----- Information shown -----

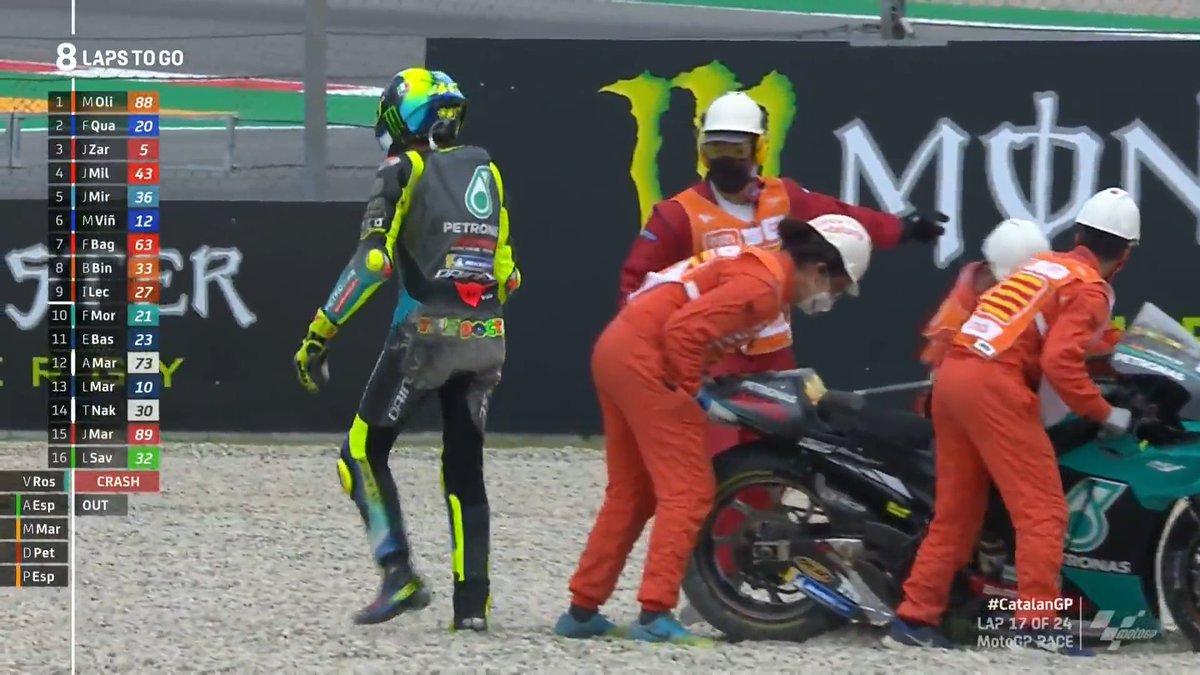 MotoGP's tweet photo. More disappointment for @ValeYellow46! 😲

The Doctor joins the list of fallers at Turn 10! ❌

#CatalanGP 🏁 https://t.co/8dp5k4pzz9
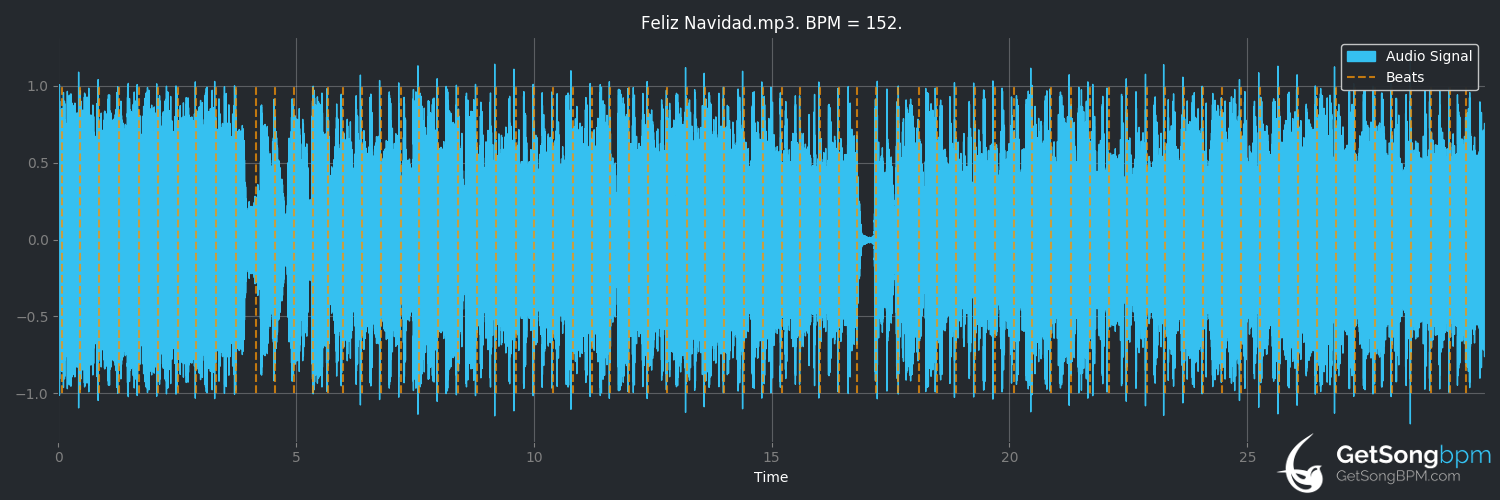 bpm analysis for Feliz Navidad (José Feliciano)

-----
----- Information shown -----

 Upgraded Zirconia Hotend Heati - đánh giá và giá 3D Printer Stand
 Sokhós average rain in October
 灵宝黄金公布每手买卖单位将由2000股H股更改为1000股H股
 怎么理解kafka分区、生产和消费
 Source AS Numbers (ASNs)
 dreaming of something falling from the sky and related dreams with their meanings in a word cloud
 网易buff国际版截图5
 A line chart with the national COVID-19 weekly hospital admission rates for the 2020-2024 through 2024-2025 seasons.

-----

§ Prompt
In the entries above, every line from the line with "MotoGP's tweet photo." to the line with "bpm analysis for" is to be printed exactly, with both ends included and pictures excluded.

§ Reply to the task
 MotoGP's tweet photo. More disappointment for @ValeYellow46! 😲

The Doctor joins the list of fallers at Turn 10! ❌

#CatalanGP 🏁 https://t.co/8dp5k4pzz9
 bpm analysis for Feliz Navidad (José Feliciano)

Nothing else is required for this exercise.